Before the Paymaster General accuses me of crying wolf, I should point out that a number of professional bodies have also expressed concern about this issue and specifically about clause 21. The Institute of Indirect Taxation said:

“We would also point out that the only obligation on HMRC is to have reasonable grounds to believe that the records specified in the Direction might assist in identifying unpaid VAT. There is no requirement on HMRC to take any account of the burden that the Direction might impose on the business and no requirement even to weigh up such a burden against the potential loss of tax that HRMC is seeking to recover. We believe that they ought to be required to take account of both these factors. Furthermore because of the potentially draconian”—

its word, not mine—

“nature of these powers outside the context of MTIC fraud, we consider that the VAT and Duties Tribunal ought, on appeal, itself be entitled to consider not only the need to protect the Revenue, but also the need to avoid imposing burdens on a business that are disproportionate to the tax at risk.”

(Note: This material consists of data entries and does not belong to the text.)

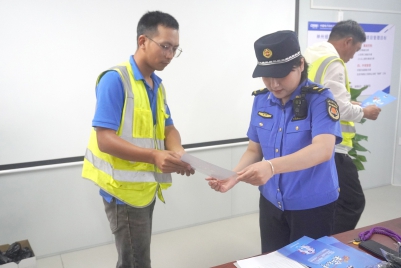 安全宣传进工地 提升工人风险防范意识.jpg 安全宣传进工地 提升工人风险防范意识.jpg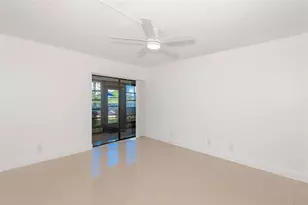 2307 S Cypress Bend Dr, Pompano Beach, FL 33069 - Photo 14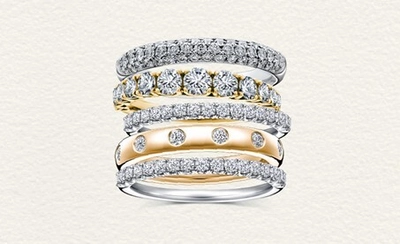 ニューヨークの美意識が息づく永遠を描くエタニティリング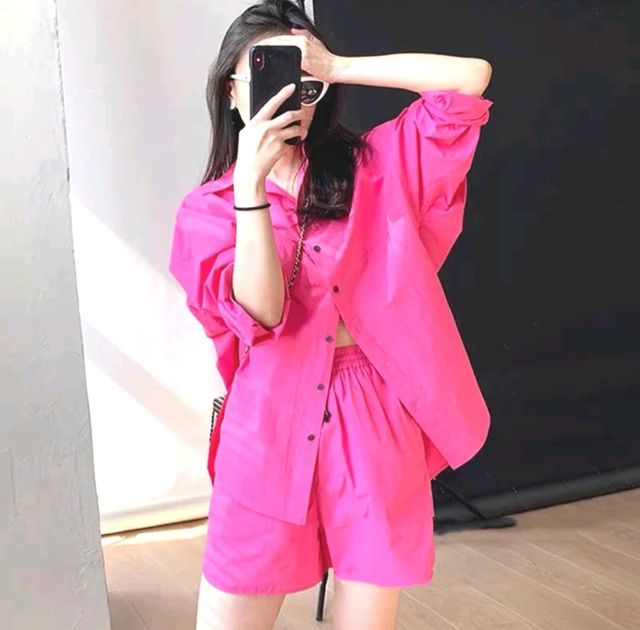 Conjunto deportivo rosa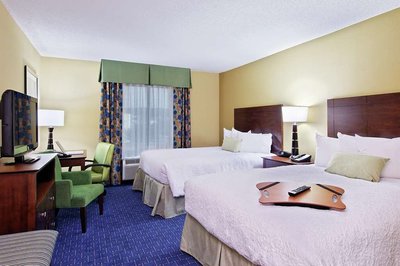 Hotel photo 10 of Hampton Inn & Suites Knoxville - Turkey Creek / Farragut.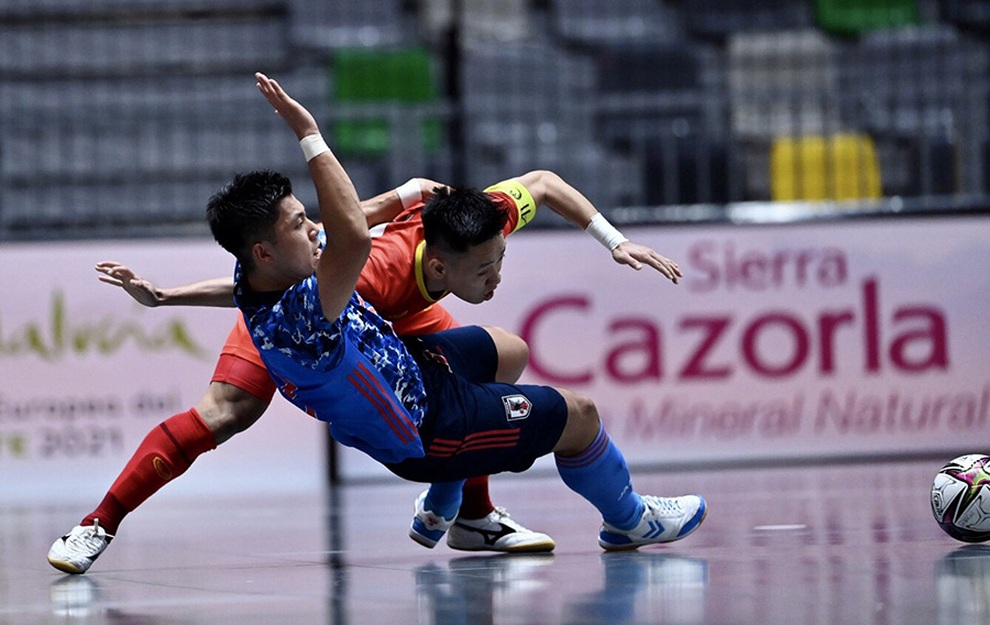 Đội tuyển futsal Việt Nam suýt gây bất ngờ trước Nhật Bản - 2 Đội tuyển futsal Việt Nam suýt gây bất ngờ trước Nhật Bản - 2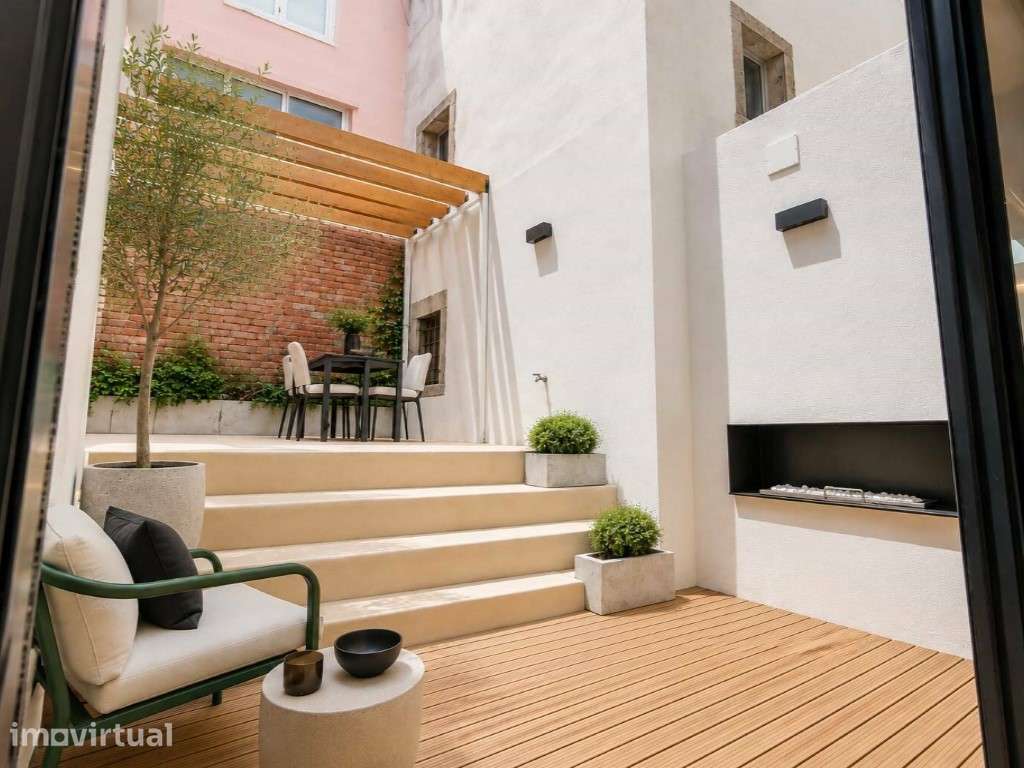 T2 totalmente remodelado, com terraço - Grande imagem: 3/45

The Institute of Chartered Accountants in England and Wales went further. It said:

“The Government’s strategy should be to work with business and their representatives, the European Commission and other EU Member States to prevent MTIC fraud. This is unlikely to be achieved in the UK if we continue to pass legislation which makes honest businesses responsible for paying VAT misappropriated by others in the chain of transactions.”

It went on to quote a European Commission official’s letter published in the Tax Journal on 24 April 2004, which explained why the Commission had intervened against the UK in the Optigen case, which was referred to earlier by my hon. Friend the Member for South-West Hertfordshire. The Commission’s official, as quoted by the ICAEW, said:

“It is naturally necessary to take vigorous measures to combat tax fraud, but that objective does not justify making innocent bystanders pay for the crimes of others.”

The ICAEW concluded:

“As they stand, the provisions in clause 21 are likely to create further similar injustices, further court cases, and further defeats for the UK”.

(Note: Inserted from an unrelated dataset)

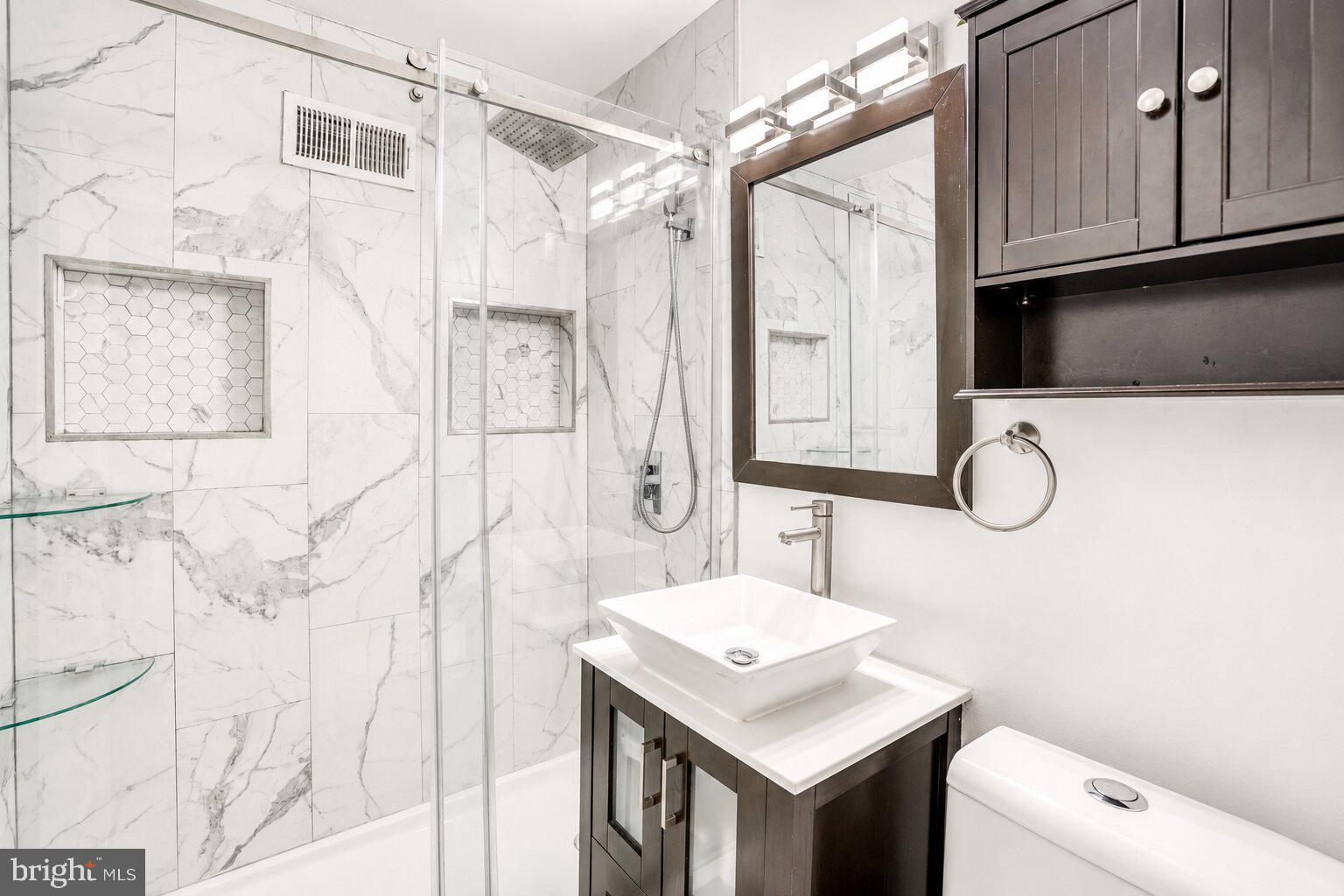 MAYFAIR - Residential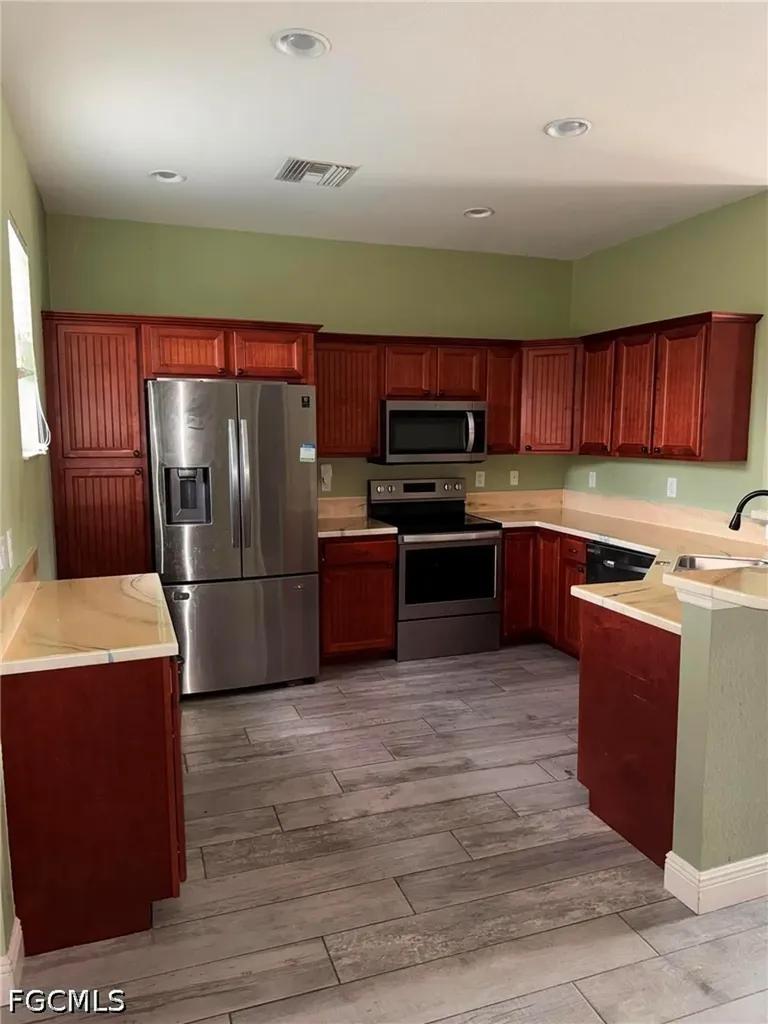 1154 Damen Street E Lehigh Acres FL 33974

To avoid doubt, I should emphasise that I am not in any way trying to denigrate the HMRC’s officials. Unfortunately, however, as Ministers will be aware, there have been problems in the past, particularly in what we used to know as Customs and Excise, which is now the HMRC. It lost a number of high-profile court cases, and many others collapsed. Subsequently, on occasions, there have been investigations into what went wrong by the Metropolitan police.

I do not propose to reprise that now, but my predecessor but one in this job, my hon. Friend the Member for Hertford and Stortford (Mr. Prisk) got into considerable correspondence with the Financial Secretary over that issue and is familiar with it. So I am not seeking to over-egg the pudding, but I am making  the point to Ministers that we know empirically that things have gone wrong in the past when Customs and Excise, in some respects, went too far. That being the case, we would like reassurances from the Paymaster General on how those powers will be exercised in practice. I hope that she will understand that I am trying to be responsible and not sensationalist.

In summary, and for the avoidance of doubt, I want to make it clear that we are committed to helping the Government combat fraud such as MTIC fraud. We appreciate that there is a genuinely difficult balance to strike. To some extent, Ministers are being asked to exercise the judgement of Solomon. However, given recent history, we want to ensure that the powers granted to the HMRC’s officials in part 2 of this Bill are proportionate, and that safeguards are in place to ensure that the powers will be exercised both reasonably and proportionately, not least in relation to this clause, so as not to disadvantage legitimate traders or adversely damage their business in the UK economy. I hope that that is a reasonable point to put to the Paymaster General, and I look forward to receiving some meaningful reassurances from her.